Pictures aside, output each record exactly.

MATERIAL SUPPLIED

>>

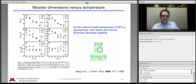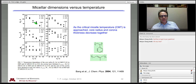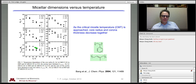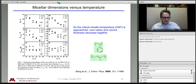Interestingly, as you approach the CMT, the core radius goes down — expected because the aggregation number has gone down — but some solvent has gone in to take its place. The corona thickness also goes down, and so the ratio of corona thickness to core size stays pretty constant. This is a somewhat unexpected observation. The main point is to illustrate how neutron scattering can be used in a way that gives quantitative information about micellar structure in solution that you really cannot get to the same extent by any other means.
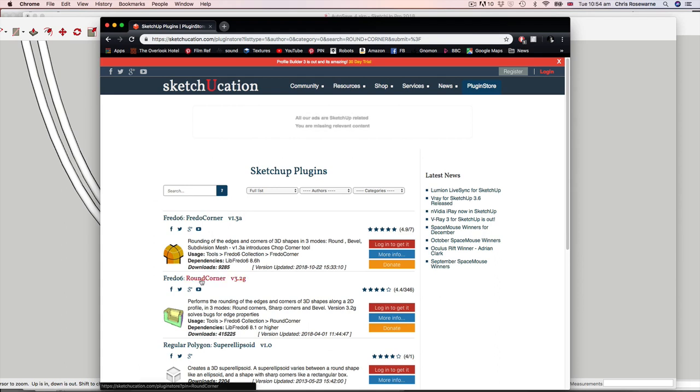So we've got here by Fredo6. He's got a fantastic selection of plugins. I think I've got this one, which is the older version, but download this newer version.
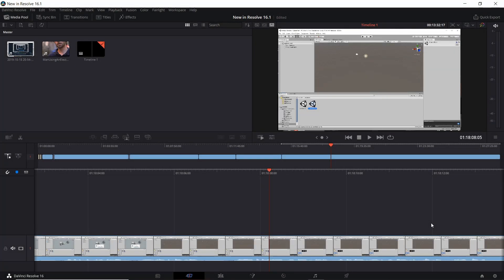Hello everybody, Chris here. In this video I wanted to show you one of the new features that exists inside of DaVinci Resolve version 16.1. We're over on the cut tab right now, which is the more lightweight, quick way of editing your videos when you're in a rush, and there is a feature over here called the boring detector.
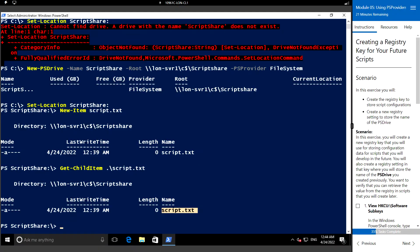Hello everyone, welcome back. In this video we are going to see creating a registry key for your future script. In this exercise we will create the registry key to store the script configuration and create a new registry setting to store the name of the PS drive.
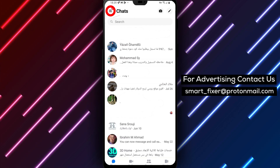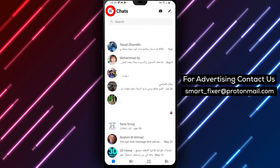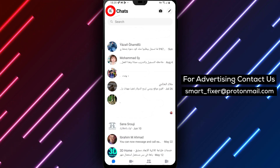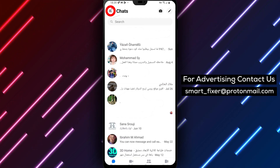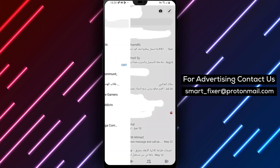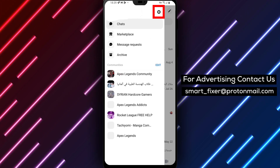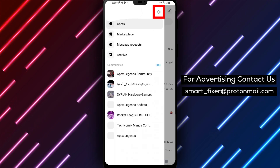Step 3. After signing in, tap on the three stacked horizontal lines located in the bottom right corner. This will open the menu.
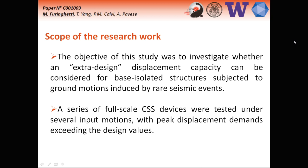The scope of this work was to investigate the behavior of sliding devices under extra design displacement demands. A series of full-scale devices have been tested in order to apply displacement demands which are actually higher than the maximum geometrical allowance, which is generally ruled by the geometrical characteristics of the sliding surfaces.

<<

EXERCISE SOLUTION
Interestingly, as you approach the CMT, the core radius goes down — expected because the aggregation number has gone down — but some solvent has gone in to take its place. The corona thickness also goes down, and so the ratio of corona thickness to core size stays pretty constant. This is a somewhat unexpected observation. The main point is to illustrate how neutron scattering can be used in a way that gives quantitative information about micellar structure in solution that you really cannot get to the same extent by any other means.
So we've got here by Fredo6. He's got a fantastic selection of plugins. I think I've got this one, which is the older version, but download this newer version.
Hello everybody, Chris here. In this video I wanted to show you one of the new features that exists inside of DaVinci Resolve version 16.1. We're over on the cut tab right now, which is the more lightweight, quick way of editing your videos when you're in a rush, and there is a feature over here called the boring detector.
Hello everyone, welcome back. In this video we are going to see creating a registry key for your future script. In this exercise we will create the registry key to store the script configuration and create a new registry setting to store the name of the PS drive.
Step 3. After signing in, tap on the three stacked horizontal lines located in the bottom right corner. This will open the menu.
The scope of this work was to investigate the behavior of sliding devices under extra design displacement demands. A series of full-scale devices have been tested in order to apply displacement demands which are actually higher than the maximum geometrical allowance, which is generally ruled by the geometrical characteristics of the sliding surfaces.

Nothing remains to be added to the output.